По дороге я настраивал себя на серьезный лад, чтобы, увидев жену, не рассмеяться сразу, а со всей строгостью спросить: почему приехала в Баку, не поставив мужа в известность? И что за выходка была на параде? «Слава герою Бабазаде»… Хорошо, покажу тебе, какими бывают герои!

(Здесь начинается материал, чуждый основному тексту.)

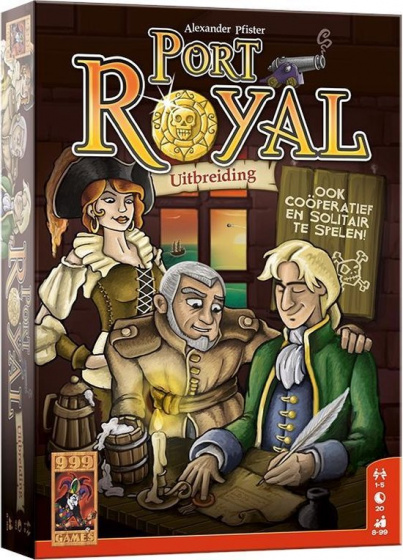 999 Games kaartspel port royal uitbreiding 17,8 cm karton bruin (nl)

Но неожиданно дверь открыла мать. Пришлось быстро перестраиваться, изменить выражение лица. Видно, у меня не совсем получилось, и я в растерянности промямлил:
– Не могли сообщить, что ли?
Мать ничего не ответила, она бросилась мне на шею. Прямо как в детстве, вдохнула запах волос. «Я же после парада даже не умылся и всю дорогу сюда почти бежал», пронеслось в моей потной голове, которой хорошо было известно отношение матери к чистоте. Но она не издала ни звука, только слегка подрагивали плечи.
И у меня в горле ком.
– Ну, все, ну, хватит. Плакать-то зачем? Очень хорошо, что приехали, правильно сделали, что не сообщили.
Наконец, она отстранила меня от себя, хотя продолжала гладить то волосы, то лицо. Я поцеловал ее руку.
– Ты только посмотри на него. Пять месяцев, как ушел из дома, и первое, что он мне говорит? Может, я еще и разрешения у тебя должна была спросить?
– Ну, почему разрешение, мама? Просто было неожиданностью…
– Все недовольство выскажешь своей жене, это она уговорила дядю не сообщать тебе.
Мать никогда не звала Наргиз по имени. В зависимости от ситуации: то «доченька», то «твоя жена».
А моя жена, стоя за спиной матери, покорно ждала своей очереди для «доступа к телу». Хотя, «тело» громко сказано. При свекрови-то? То ли я давно ее не видел, соскучился, то ли действительно беременность украшает женщину, но она мне показалась еще более привлекательной. Мне так захотелось ее обнять. Чтобы хоть как-то скрыть нахлынувшие чувства, поспешно схватил ее за руки: при матери я тоже не мог позволить себе большего.